Two 737 Max accidents made aviation safety issues a hot topic. What do you think about the balance between risk and innovation, and safety and efficiency?
Despite big growth in air transport, we have seen a big decrease in the number of accidents and safety today is impressive. Maybe on the more human side, we have to be humble when it comes to safety. I have been paying a lot of attention to technologies, processes, quality and human factors. And on all of these matters and topics, it's all about learning, anticipating and staying humble. Problems can happen and we have to stay on top of them.
Was there any impact on Airbus after the grounding of the Boeing 737 MAX aircraft?
There is not much impact in the short term. For single-aisle aircraft, we have a backlog of around 6,000 planes and are fully booked till 2024. So, there is no short-term impact on the commercial side for Airbus.
In fact, it's more the opposite. We see more challenges and pressure coming from the market on Airbus to deliver its planes on time. There is a rising legitimate concern from the public on safety. There are some challenges for the certification authorities in working together, which we hope will be resolved.
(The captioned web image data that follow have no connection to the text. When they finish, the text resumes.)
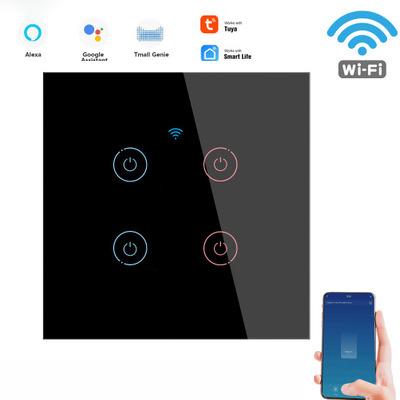 China Tuya Life Smart WiFi Touch Wall Switch 1/2/3/4Gang EU Voice Control Works with Alexa Google Home No Wire Required SW02 for sale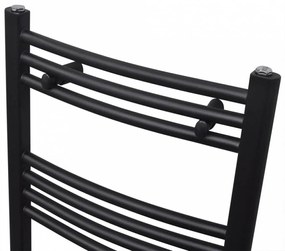 Ívelt fekete törölközőszárító radiátor központi fűtéssel 500 x 764 mm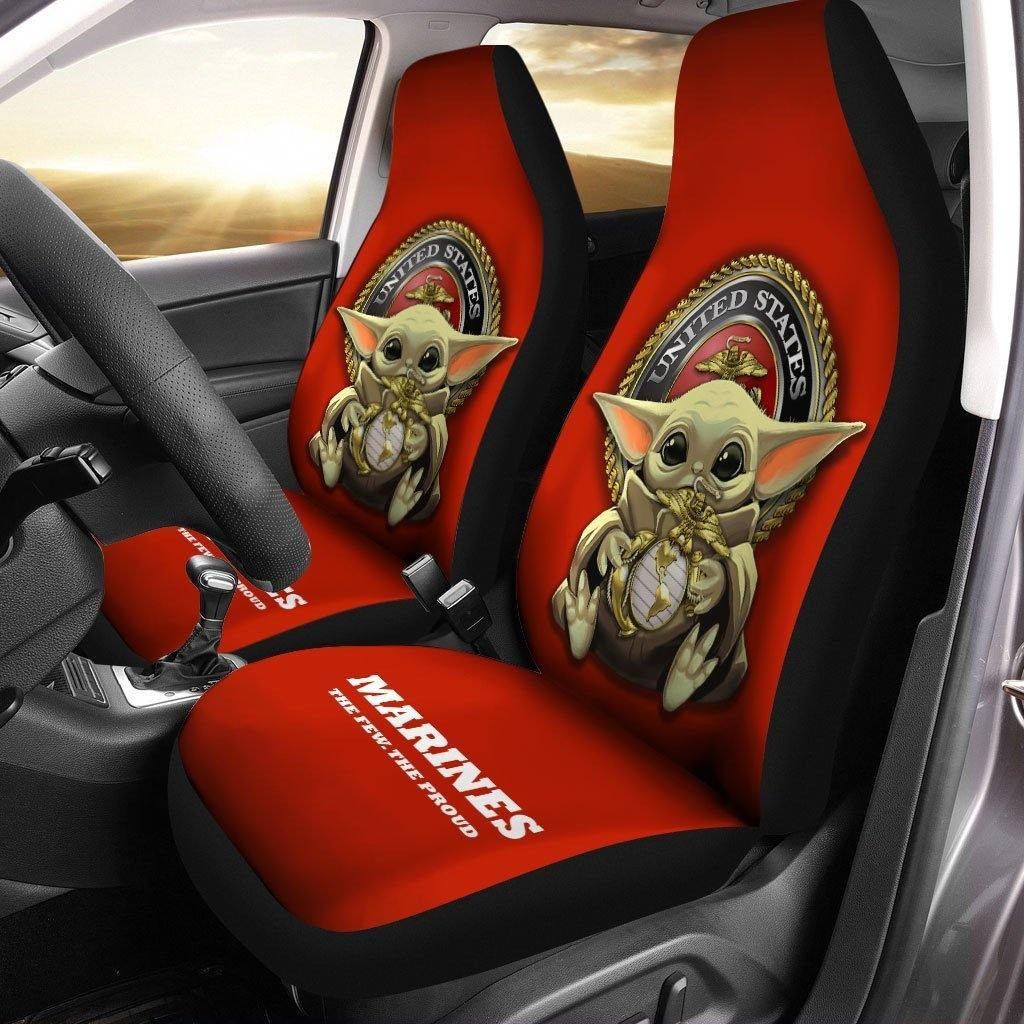 Baby Yoda USMC Car Seat Covers U.S Marines Corps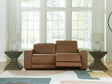 Magic Man Caramel Leather 2-Piece Power Reclining Sectional Loveseat - image 1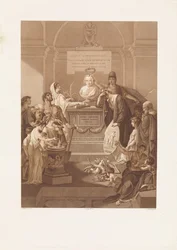 Rappresentazione allegorica con pietra commemorativa per Jan Nieuwenhuyzen, morto nel 1806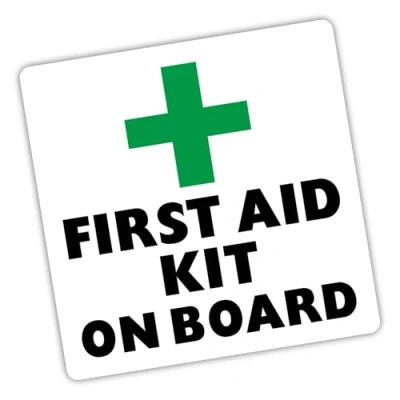 Image of 1 x First Aid Kit on Board Sticker Sign Car Vehicle Bus Taxi Minicab Minibus Warning Health and Safety Self Adhesive Vinyl 100mm Green White
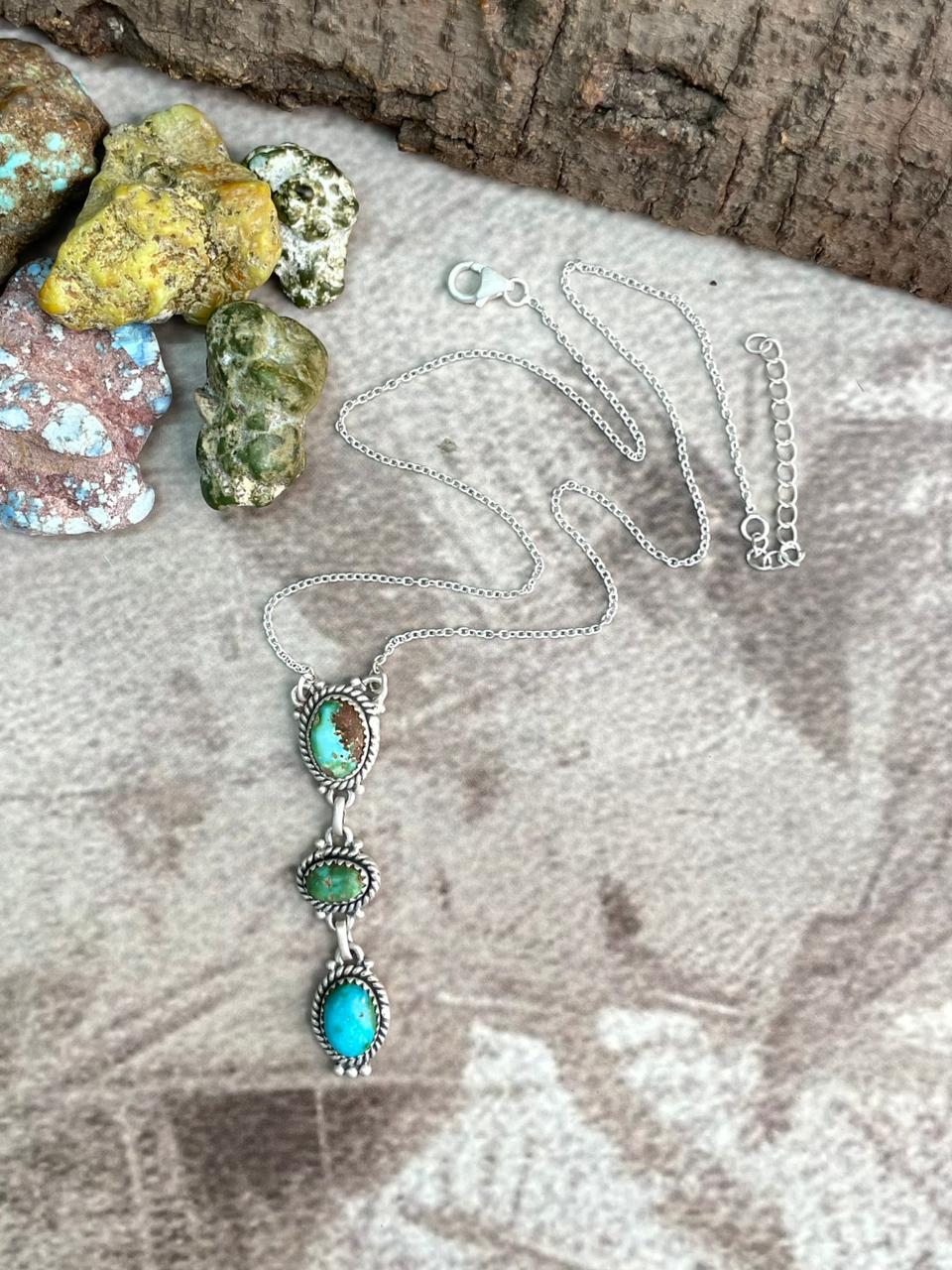 Handmade Sterling Silver Sonoran Mountain Turquoise Necklace "Signed Nizhoni"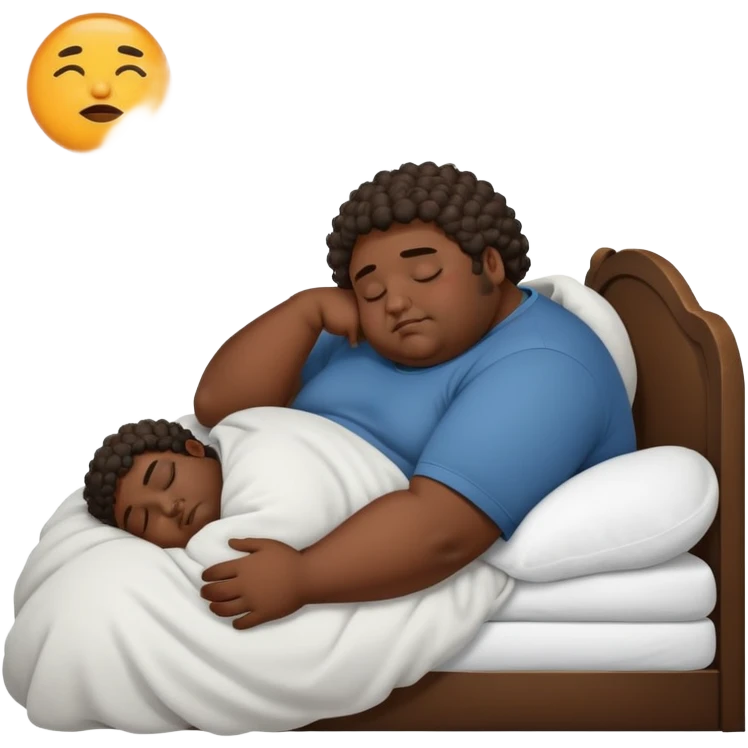 Fat black guy with curly hair sleeping  emoji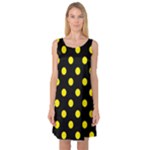 Polka Dots - Canary Yellow on Black Sleeveless Satin Nightdress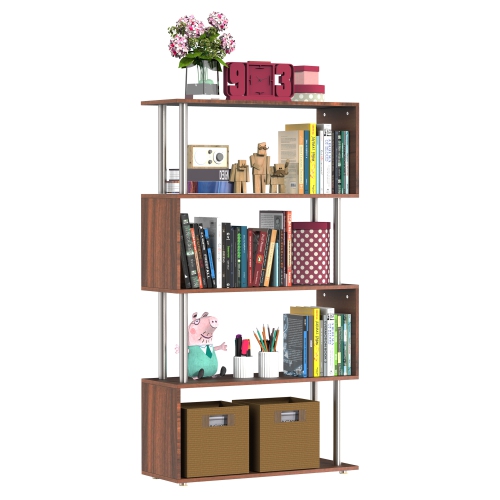 HOMCOM 5-Tiers Geometric Wooden Bookcase S-Shaped Storage Bookshelf Display with Metal Frame for Living Room, Bedroom, Home Office, Walnut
Airbus will keep doing the right things, which we think we have to do and we don't see much impact. At least, there is no positive impact for us.
The US has imposed higher tariffs on imports from the EU. Does this affect your company and will it hamper Airbus' cooperation with China?
The tariffs already apply to European goods, including Airbus planes going from Europe to the US, with a 10-percent tariff. Those tariffs are import duties, so they are paid by our customers. Indeed, it has an impact on our customers, and on our relationship with our customers. We think the impact is negative, but it's negative as well for the US industry, as we are sourcing a lot in the US. The US industry needs Airbus planes to fuel growth. So it's a lose-lose case, and we support a resolution between the EU and the US.
We also see that there are growing tariffs between the US and China. The US is playing tariff games, which in my view are dangerous, including for the US. But it has no impact on the relationship between Europe and China or even between Airbus and China. We see there is a strong relationship, a strong willingness to cooperate, to advocate multilateralism and openness between China and France. We think this is a positive way forward. Aviation goes with open markets, open trade, openness in general.